The language of ruins — the presence of ruinscapes — is central to my current manuscripts. But so much of what compels my thinking will be left out of the poems, the essays, the novel . . .

So I leave these crumbs for myself, should I wish to retrace my journey in a space less chaotic than notebooks: the relationship between the icon and the monument, between love and eros, between seeing and beholding, between imagining and destroying.

In an essay, “Summer of the Statue Storm,” A E Stallings looked at Georgia’s famous Stone Mountain, a monument to the Confederacy, while reading ruin-guru Susan Stewart. In Stallings’ words, and quotations:

As Stewart concludes in her last chapter, “Resisting Ruin: The Decay of Monuments and the Promises of Language,” “Monuments are among the most controversial of built forms, and their controversy always lies in their inadequacy and in the inevitability of their failure.” A monument is a future ruin.

Reading Stallings brings back the goosebumps of reading Stewart and discovering connections between conventions, language, and social valorizations:

The fragment is cousin to the ruin, as the unfinished building reflects the collapsed one. “Companion to the ruin, the unfinished is not the sign of a damaged form but the sign of damaged intention.” The Tower of Babel is the ur-unfinished building—or the unfinished building of Ur, perhaps. Its most famous depiction is the much-reproduced painting by Pieter Brueghel the Elder (or paintings, to be precise, as two versions are in existence, slightly varied, like an early spot-the-difference game), itself based on a ruin: he pictures the mythological ziggurat after the breakdown in human communication as a lurching wedding-cake pile-up of layers of colonnades based on the Roman Coliseum.
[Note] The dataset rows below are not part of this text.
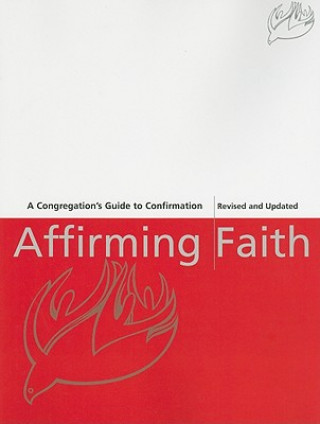 Buch Affirming Faith: A Congregation's Guide to Confirmation Thomas E. Dipko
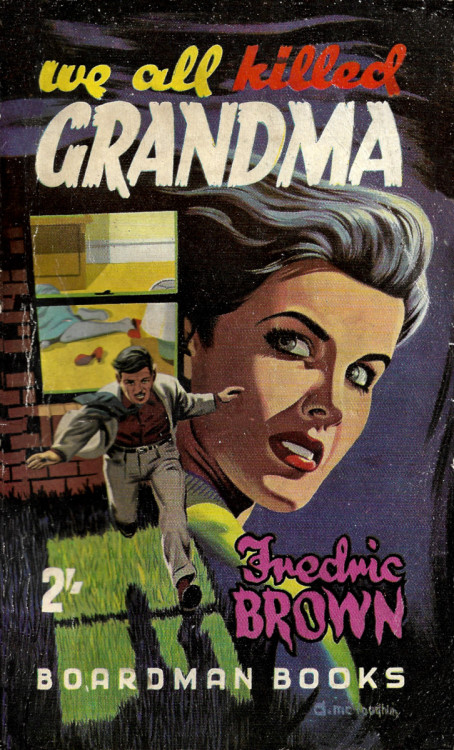 We All Killed Grandma, by Fredric Brown (Boardman, 1954). Cover art by Denis McLoughlin.From eBay.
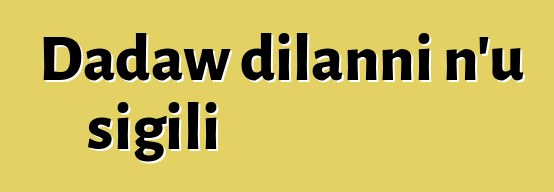 Dadaw dilanni n'u sigili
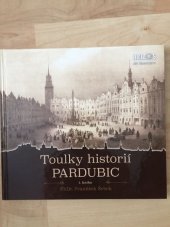 kniha Toulky historií Pardubic 1.kniha, Helios - Jiří Razskazov 2016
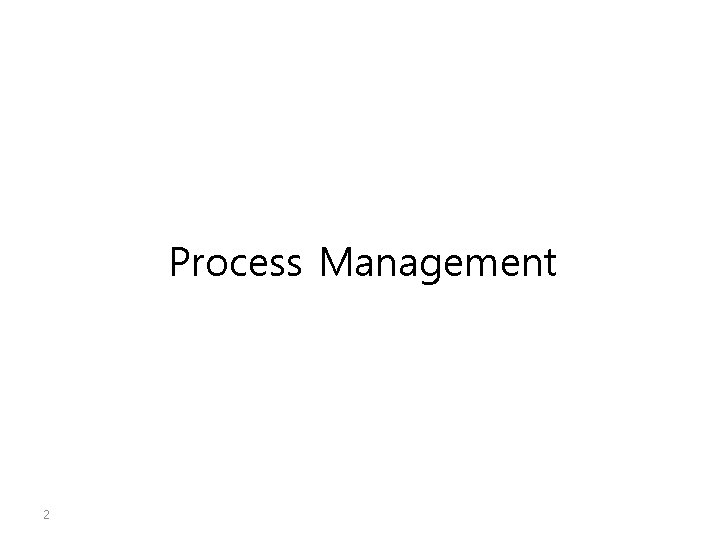 Process Management 2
Modernism thus is a kind of culmination of the ruins lesson, with its fetishizing of fragment, its palimpsests, its Babel of language and voices, its concern with the “age value” of ancient quotation, and its fascination with physical ruin.

“A quotation is also a way of engaging a ruin, or fragmenting the monument known as a text,” I think to myself, while reading Stallings’ beautiful essay.
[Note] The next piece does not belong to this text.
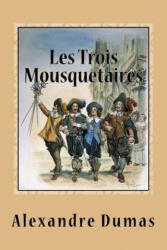 Les Trois Mousquetaires - Alexandre Dumas (ISBN: 9781539185437)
“Perhaps saliency, itself, is a form of intertextual relationship,” I wonder, while recognizing words and phrases that I kept in my notebook when immersed in Stewart.
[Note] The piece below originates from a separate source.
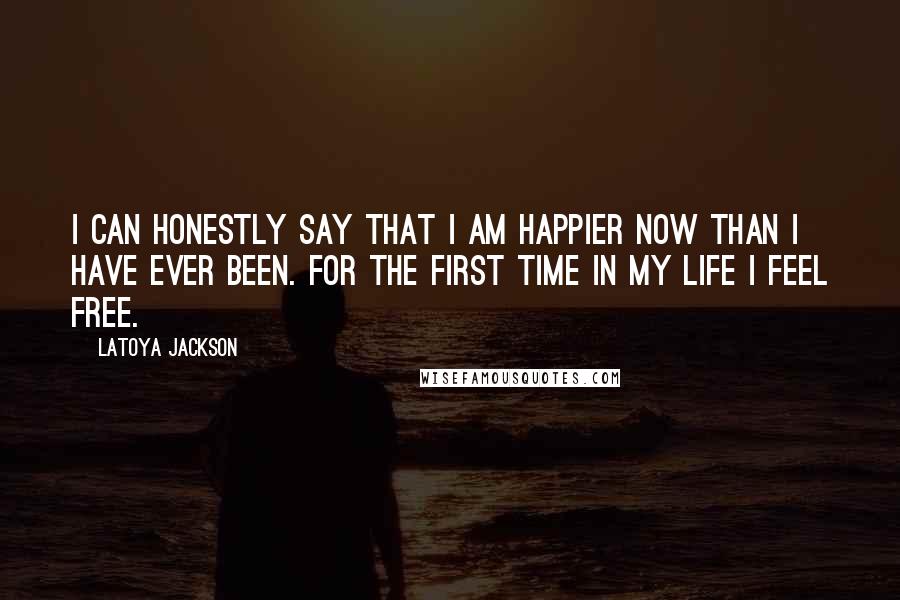 LaToya Jackson Quotes: I can honestly say that I am happier now than I have ever been. For the first time in my life I feel free.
Surely Stewart must have mentioned damnatio memoriae? What other coincidence could cause it to pop up in both Stallings’ thinking and mine?

To quote Stallings:

Scholars have been busy telling us that iconoclasm is nothing new, reminding us of the Roman practice—cancel culture, if you will—of “damnatio memoriae,” or condemning the memory, when the Senate would try to erase every image and inscription relating to an individual, and even their families. Caligula and Nero are among Roman emperors treated thus; they have hardly been erased from history.


Also on my turntable as I finish quibbling with the poetry manuscript, the ruins of angelology, the hagiographies of motherhood, “In Labyrinths” by Martin Pops (also known as Marty Pops), “Resisting Left Melancholy” by Wendy Brown, and, of course, the echoes inside Paul de Man’s “Autobiography as De-facement”.

Music: “Into the Light” by J. Views ft. Wild Club

*

Is there something like a ruin in disappearing? Or does the ruin rely completely on a physical chipping-away in order?

I don’t know.

"I am indifferent about being missed," writes Hanif Abdurraqib, thus opening his essay, "The Art of Disappearance." Being rooted in his own contingency is perilous:

“To drill down on the definition of “being alive,” I have always come to a core definition that I can understand and make peace with: being someone who participates in the ever-shifting world. But I have no control over the world, and I don’t mean only the world in the sense of a blue rock twirling along endless dark. I also mean the smaller worlds.”

The smaller worlds include the immediate challenges of relationships, the persistence of his depression, the self's relation to self. Relationships expect things–they presume presence and bloom from anticipation. The more presence asks us to perform a certain openness, or emotional lability, the more it costs.

There are kinds of leaving, disappearing, and changing one's mind in a way that removes you faster from the presence and awareness of others. 

Sometimes, on the playground, I lied when the other mothers asked what my husband did for a living.

I pushed my son back-and-forth on the toddler swing and said: he is an engineer. Or a teacher.

Once I said my husband managed the gardens of the elderly and disabled, a sort of janitor for beautiful green spaces which felt like homes to their owners, but which their owners could no longer maintain.

My husband was out there, somewhere, in those moments when I was asked to imagine him.

But I was a single mother. There was no husband or partner. No ex or divorce.

It is easier to disappear in the expectations others have of you than to exist as a perturbation of the normal. Ruinscapes aren’t merely perturbations of the normal—-they are repudiations of time which articulate alternate temporalities. It is the precise nature of the ruining destruction which most intrigues me.